Could I query all docs where there are multiple occurrences of my term?


(Thomas Chung) #1

I want to use Elasticsearch to index event data and as events come in, I want to append to an "events" array in the document. Say it ends up looking like this:

{
  "user":"abc",
  "events": [
    {
      "action": "foo",
      "date": "2015-01-01"
    },
    {
      "action": "foo",
      "date": "2016-01-01"
    },
    {
      "action": "bar",
      "date": "2017-01-01"
    }
  ]
}

And another doc looks like:

{
  "user":"def",
  "events": [
    {
      "action": "foo",
      "date": "2017-01-01"
    },
    {
      "action": "baz",
      "date": "2018-01-01"
    }
  ]
}

I get that I can query/filter for all users/docs with action=foo but could I:

  • find all the documents where action=foo has occurred, say, exactly 2 times?
  • find all the documents where action=foo has occurred 2 times between some start and end date.

Thanks in advance.


How to do a self-join type of query
(Mark Harwood) #2

To avoid "cross matching" of the dates for foo and bar you'll need to use the nested data type for the events.

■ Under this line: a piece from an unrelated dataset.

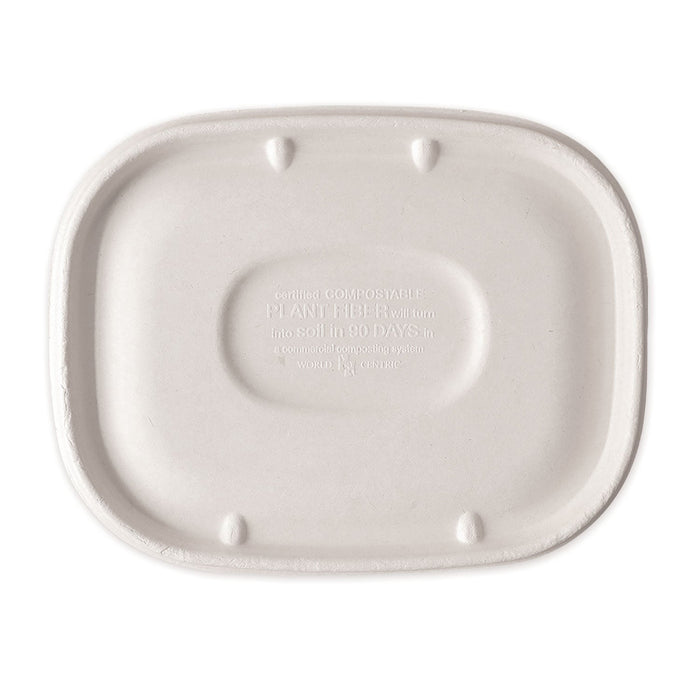 World Centric Fiber Lids for Fiber Containers, 8.9 x 6.9 x 0.4, Natural, Paper, 400/Carton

I've not yet figured out how to trim results to those with 2 different events but this should at least avoid confusing matches on the dates of your "foo" events with those of "bar" events::

DELETE test
PUT test
{
  "mappings": {
	"_doc": {
	  "properties": {
		"user":{
		  "type":"keyword"
		},
		"events": {
		  "type": "nested",
		  "properties": {
			"action": {
			  "type": "keyword"
			},
			"date":{
			  "type":"date"
			}
		  }
		}
	  }
	}
  }
}
PUT test/_doc/1
{
  "user":"abc",
  "events": [
	{
	  "action": "foo",
	  "date": "2015-01-01"
	},
	{
	  "action": "foo",
	  "date": "2016-01-01"
	},
	{
	  "action": "bar",
	  "date": "2017-01-01"
	}
  ]
}
PUT test/_doc/2
{
  "user":"abc",
  "events": [
	{
	  "action": "foo",
	  "date": "2015-01-01"
	},
	{
	  "action": "bar",
	  "date": "2016-01-01"
	},
	{
	  "action": "foo",
	  "date": "2017-01-01"
	}
  ]
}
GET test/_search
{
  "query": {
	"bool": {
	  "must": [
		{
		  "nested": {
			"path": "events",
			"query": {
			  "bool": {
				"must": [
				  {
					"match":{
					  "events.action":"foo"
					}
				  },
				  {
					"range": {
					  "events.date": {
						"gte": "2013-01-01",
						"lte": "2016-12-31"
					  }
					}
				  }
				]
			  }
			},
			"inner_hits": {}
		  }
		}
	  ]
	}
  },
  "stored_fields": [
	"user"
  ]
}

The use of inner_hits prevents you from seeing non-matching events. Your client would need to trim results that only matched one event,

Having said that, what can be hard to match at query time with searches/aggregations can be trivial at index time using an update script - see entity centric indexing
Useful attributes like an "outage" range field can be derived by a script recognising the 2 event types of interest and storing a derived value when those events come in as an update.


(Thomas Chung) #3

Thanks @Mark_Harwood. I watched the video about entity centric indexing and it looks good and I will try that approach.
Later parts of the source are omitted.